Perioperative metoprolol: fewer CV events and MIs, more deaths and strokes (POISE)
Is metoprolol effective in preventing bad outcomes in high-risk patients undergoing noncardiac surgery?
In this large, well-conducted study, the perioperative use of extended-release metoprolol was a mixed bag: it produced fewer major cardiovascular events but more deaths and more strokes. Other studies have found perioperative beta-blockers beneficial. However, they used different beta blockers, were smaller or had methodologic limitations. Pooled data from prior trials were less enthusiastic about the benefits and reported an increased risk of hypotension and bradycardia. (LOE = 1b)
POISE Study Group, Devereaux PJ, Yang H, Yusuf S, et al. Effects of extended-release metoprolol succinate in patients undergoing non-cardiac surgery (POISE trial): a randomised controlled trial. Lancet 2008;371:1839-1847. [PMID:18479744]
Randomized controlled trial (double-blinded)
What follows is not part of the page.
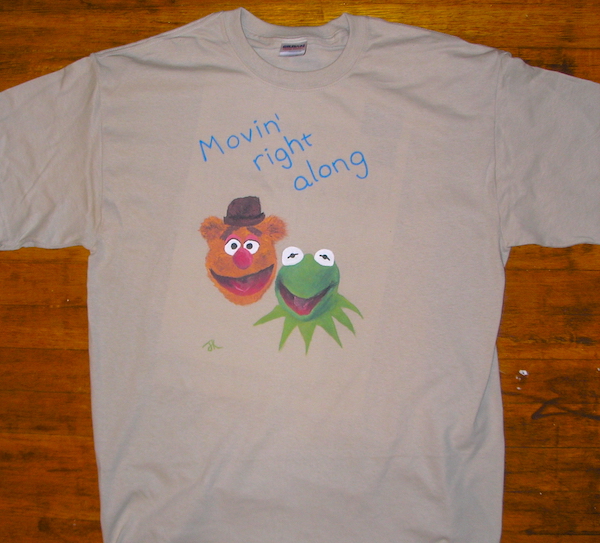 t-shirt with text movin' right along and painted pictures of fozzie bear and kermit the frog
Inpatient (any location) with outpatient follow-up
High-risk patients older than 45 years undergoing noncardiac surgery were randomly assigned (concealed allocation) to receive extended-release metoprolol (n = 4174) or placebo (n = 4177) perioperatively. The researchers used the following criteria to identify high-risk patients: coronary artery disease; peripheral vascular disease; stroke; hospitalization for congestive heart failure in the previous 3 years; major vascular surgery; and having any 3 of the 7 following risk criteria: intrathoracic or intraperitoneal surgery; congestive heart failure; transient ischemic attacks; diabetes; a serum creatinine level higher than 175 micromol/L (2.3 mg/dL); 70 years or older; and urgent or emergency surgery. The patients took 100 mg metoprolol or placebo 2 hours to 4 hours before surgery and a second dose 6 hours after surgery. For the subsequent 30 days, the patients took 200 mg daily. The main outcome, a composite of cardiovascular death plus nonfatal myocardial infarction plus nonfatal cardiac arrest, was evaluated 30 days after surgery by clinicians who were unaware of which treatment the patients received. The researchers used intention-to-treat analysis to assess the outcomes and had follow-up results for 99.8% of patients. Patients receiving metoprolol had a lower rate of the combined endpoint than patients receiving placebo (5.8% vs 6.9%; number needed to treat [NNT] = 92; 95% CI, 47 - 2135). Additionally, patients receiving metoprolol had fewer myocardial infarctions (4.2% vs 5.7%; NNT = 67; 41 - 175), but more deaths (3.1% vs 2.3%; number needed to treat to harm [NNTH] = 131; 68 - 1407) and more strokes (1% vs 0.5%; NNTH = 190; 110 - 605).